RECORDS FOR THIS TASK:
- - - - -
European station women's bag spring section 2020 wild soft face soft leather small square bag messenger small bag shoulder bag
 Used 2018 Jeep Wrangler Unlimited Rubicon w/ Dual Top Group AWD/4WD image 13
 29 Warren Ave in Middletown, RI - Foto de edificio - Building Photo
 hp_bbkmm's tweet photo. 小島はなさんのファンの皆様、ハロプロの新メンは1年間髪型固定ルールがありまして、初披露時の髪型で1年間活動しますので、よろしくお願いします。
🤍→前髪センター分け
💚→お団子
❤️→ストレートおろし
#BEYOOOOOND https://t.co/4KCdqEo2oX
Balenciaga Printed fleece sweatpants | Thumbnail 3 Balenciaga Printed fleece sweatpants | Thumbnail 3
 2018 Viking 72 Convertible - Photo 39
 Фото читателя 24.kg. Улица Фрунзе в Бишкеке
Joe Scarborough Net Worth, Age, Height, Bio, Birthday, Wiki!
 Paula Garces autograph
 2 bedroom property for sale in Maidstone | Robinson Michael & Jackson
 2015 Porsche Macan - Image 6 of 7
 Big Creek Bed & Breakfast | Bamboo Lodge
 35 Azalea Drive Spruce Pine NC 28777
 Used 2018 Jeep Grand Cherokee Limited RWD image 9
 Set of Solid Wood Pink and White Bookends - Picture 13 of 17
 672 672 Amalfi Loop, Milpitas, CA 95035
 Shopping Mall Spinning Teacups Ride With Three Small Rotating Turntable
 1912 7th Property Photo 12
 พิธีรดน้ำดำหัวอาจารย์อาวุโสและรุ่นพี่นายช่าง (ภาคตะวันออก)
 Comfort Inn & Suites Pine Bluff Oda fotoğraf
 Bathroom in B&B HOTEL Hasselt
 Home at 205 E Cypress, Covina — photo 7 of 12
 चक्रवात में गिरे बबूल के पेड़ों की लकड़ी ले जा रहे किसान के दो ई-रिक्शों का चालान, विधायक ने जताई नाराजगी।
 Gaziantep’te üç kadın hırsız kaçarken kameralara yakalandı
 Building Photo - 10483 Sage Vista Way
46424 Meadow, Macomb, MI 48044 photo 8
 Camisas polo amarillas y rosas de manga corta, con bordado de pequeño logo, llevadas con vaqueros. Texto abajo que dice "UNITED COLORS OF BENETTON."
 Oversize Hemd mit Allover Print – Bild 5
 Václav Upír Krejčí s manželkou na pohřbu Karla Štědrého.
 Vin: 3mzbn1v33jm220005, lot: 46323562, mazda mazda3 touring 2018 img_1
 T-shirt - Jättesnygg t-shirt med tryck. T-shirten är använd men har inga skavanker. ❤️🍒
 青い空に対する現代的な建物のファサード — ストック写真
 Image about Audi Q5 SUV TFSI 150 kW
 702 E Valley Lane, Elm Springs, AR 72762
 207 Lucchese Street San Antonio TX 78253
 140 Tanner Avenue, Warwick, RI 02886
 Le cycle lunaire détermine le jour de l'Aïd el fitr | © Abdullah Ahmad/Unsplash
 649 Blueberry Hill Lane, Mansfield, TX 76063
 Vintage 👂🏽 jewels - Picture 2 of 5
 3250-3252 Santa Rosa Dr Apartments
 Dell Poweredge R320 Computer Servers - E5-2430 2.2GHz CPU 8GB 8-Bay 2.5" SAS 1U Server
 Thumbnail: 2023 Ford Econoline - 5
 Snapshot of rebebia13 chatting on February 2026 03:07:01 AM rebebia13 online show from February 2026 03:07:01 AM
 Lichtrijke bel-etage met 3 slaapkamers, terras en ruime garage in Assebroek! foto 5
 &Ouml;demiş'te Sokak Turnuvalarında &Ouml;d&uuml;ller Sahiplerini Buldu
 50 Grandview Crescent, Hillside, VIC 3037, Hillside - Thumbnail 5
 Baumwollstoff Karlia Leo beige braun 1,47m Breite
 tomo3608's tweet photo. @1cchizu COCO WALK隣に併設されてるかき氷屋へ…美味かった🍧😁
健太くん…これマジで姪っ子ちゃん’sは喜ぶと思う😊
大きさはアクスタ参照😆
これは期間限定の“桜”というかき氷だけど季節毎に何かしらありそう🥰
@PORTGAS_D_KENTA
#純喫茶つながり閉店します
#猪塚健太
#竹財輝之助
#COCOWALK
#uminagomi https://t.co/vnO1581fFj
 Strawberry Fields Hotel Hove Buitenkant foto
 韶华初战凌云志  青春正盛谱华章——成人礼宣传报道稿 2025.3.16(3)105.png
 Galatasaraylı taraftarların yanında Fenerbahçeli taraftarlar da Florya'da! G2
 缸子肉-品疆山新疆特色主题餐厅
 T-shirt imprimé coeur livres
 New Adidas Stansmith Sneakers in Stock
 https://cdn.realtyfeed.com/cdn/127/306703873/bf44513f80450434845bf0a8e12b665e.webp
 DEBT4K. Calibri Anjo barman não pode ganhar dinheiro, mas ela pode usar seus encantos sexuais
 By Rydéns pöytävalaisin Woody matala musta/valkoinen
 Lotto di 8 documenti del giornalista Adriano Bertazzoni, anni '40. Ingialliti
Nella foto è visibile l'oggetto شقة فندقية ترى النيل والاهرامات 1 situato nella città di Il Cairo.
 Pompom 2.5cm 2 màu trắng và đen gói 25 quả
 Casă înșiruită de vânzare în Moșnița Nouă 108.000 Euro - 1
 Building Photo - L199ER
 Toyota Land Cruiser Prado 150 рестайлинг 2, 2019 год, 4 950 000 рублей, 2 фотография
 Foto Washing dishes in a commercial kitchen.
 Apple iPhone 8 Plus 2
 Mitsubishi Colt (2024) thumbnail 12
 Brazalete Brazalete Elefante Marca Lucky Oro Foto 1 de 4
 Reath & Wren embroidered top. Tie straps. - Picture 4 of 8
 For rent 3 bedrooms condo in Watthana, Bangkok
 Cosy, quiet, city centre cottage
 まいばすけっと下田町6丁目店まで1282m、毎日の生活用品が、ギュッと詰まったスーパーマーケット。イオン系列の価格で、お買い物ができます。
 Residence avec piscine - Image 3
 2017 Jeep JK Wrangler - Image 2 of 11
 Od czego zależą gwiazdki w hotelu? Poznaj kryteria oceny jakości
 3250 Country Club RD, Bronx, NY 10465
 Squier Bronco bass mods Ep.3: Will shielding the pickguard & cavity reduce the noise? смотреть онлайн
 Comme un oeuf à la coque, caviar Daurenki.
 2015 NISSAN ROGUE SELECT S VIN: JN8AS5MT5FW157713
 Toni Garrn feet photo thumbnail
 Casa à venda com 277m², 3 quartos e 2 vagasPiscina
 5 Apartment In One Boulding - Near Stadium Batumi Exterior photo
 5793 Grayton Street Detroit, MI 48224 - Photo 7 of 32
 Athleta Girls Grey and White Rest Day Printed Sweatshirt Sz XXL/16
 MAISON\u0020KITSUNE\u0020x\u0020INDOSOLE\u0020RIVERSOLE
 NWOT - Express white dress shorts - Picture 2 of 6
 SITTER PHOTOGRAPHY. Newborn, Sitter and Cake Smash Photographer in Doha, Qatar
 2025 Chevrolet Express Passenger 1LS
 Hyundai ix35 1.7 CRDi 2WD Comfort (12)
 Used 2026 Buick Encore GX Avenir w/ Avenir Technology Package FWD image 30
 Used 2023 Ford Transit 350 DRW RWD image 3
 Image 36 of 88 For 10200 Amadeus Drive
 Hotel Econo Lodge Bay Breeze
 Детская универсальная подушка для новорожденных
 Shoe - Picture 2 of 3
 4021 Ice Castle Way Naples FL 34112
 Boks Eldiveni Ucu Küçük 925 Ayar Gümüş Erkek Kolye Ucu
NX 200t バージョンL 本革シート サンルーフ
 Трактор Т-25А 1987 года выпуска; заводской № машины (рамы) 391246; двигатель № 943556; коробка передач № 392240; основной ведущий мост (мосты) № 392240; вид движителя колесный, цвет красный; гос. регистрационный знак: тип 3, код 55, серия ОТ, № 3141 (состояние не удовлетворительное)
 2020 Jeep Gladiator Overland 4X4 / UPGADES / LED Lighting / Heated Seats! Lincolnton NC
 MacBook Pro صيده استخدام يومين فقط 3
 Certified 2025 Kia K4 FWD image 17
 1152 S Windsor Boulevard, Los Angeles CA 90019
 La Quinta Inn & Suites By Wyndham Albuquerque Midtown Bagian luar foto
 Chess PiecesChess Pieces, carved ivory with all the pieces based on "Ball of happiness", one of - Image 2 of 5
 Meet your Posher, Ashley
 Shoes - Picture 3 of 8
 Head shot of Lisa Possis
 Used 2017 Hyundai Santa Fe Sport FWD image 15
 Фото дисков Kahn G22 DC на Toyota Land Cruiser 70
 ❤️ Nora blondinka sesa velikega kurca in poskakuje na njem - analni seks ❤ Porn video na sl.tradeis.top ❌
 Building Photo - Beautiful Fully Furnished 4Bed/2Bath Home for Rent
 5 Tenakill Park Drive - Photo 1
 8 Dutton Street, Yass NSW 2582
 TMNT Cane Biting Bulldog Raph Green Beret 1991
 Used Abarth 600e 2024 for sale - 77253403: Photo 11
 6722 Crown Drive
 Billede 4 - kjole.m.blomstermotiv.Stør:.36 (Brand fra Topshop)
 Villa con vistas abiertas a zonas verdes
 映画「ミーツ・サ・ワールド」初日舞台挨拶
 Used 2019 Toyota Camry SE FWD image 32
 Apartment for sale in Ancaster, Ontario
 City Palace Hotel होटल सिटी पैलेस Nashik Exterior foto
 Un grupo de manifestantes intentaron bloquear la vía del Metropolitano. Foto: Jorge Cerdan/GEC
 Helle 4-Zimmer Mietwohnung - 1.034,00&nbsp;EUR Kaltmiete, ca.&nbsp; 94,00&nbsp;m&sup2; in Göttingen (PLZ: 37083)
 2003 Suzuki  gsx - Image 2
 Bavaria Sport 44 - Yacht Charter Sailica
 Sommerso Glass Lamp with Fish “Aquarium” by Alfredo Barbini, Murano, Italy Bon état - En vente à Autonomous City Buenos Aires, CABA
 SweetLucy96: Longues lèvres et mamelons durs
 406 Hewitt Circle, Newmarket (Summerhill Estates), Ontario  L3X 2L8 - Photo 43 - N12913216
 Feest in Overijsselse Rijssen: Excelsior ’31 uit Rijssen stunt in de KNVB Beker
- - - - -
EXERCISE GOAL:
Precisely the lines between those holding "SITTER PHOTOGRAPHY. Newborn, Sitter" and "8 Dutton Street, Yass NSW 2582", inclusive, are to be reproduced from the listing above, with nothing added.

OUTPUT:
 SITTER PHOTOGRAPHY. Newborn, Sitter and Cake Smash Photographer in Doha, Qatar
 2025 Chevrolet Express Passenger 1LS
 Hyundai ix35 1.7 CRDi 2WD Comfort (12)
 Used 2026 Buick Encore GX Avenir w/ Avenir Technology Package FWD image 30
 Used 2023 Ford Transit 350 DRW RWD image 3
 Image 36 of 88 For 10200 Amadeus Drive
 Hotel Econo Lodge Bay Breeze
 Детская универсальная подушка для новорожденных
 Shoe - Picture 2 of 3
 4021 Ice Castle Way Naples FL 34112
 Boks Eldiveni Ucu Küçük 925 Ayar Gümüş Erkek Kolye Ucu
NX 200t バージョンL 本革シート サンルーフ
 Трактор Т-25А 1987 года выпуска; заводской № машины (рамы) 391246; двигатель № 943556; коробка передач № 392240; основной ведущий мост (мосты) № 392240; вид движителя колесный, цвет красный; гос. регистрационный знак: тип 3, код 55, серия ОТ, № 3141 (состояние не удовлетворительное)
 2020 Jeep Gladiator Overland 4X4 / UPGADES / LED Lighting / Heated Seats! Lincolnton NC
 MacBook Pro صيده استخدام يومين فقط 3
 Certified 2025 Kia K4 FWD image 17
 1152 S Windsor Boulevard, Los Angeles CA 90019
 La Quinta Inn & Suites By Wyndham Albuquerque Midtown Bagian luar foto
 Chess PiecesChess Pieces, carved ivory with all the pieces based on "Ball of happiness", one of - Image 2 of 5
 Meet your Posher, Ashley
 Shoes - Picture 3 of 8
 Head shot of Lisa Possis
 Used 2017 Hyundai Santa Fe Sport FWD image 15
 Фото дисков Kahn G22 DC на Toyota Land Cruiser 70
 ❤️ Nora blondinka sesa velikega kurca in poskakuje na njem - analni seks ❤ Porn video na sl.tradeis.top ❌
 Building Photo - Beautiful Fully Furnished 4Bed/2Bath Home for Rent
 5 Tenakill Park Drive - Photo 1
 8 Dutton Street, Yass NSW 2582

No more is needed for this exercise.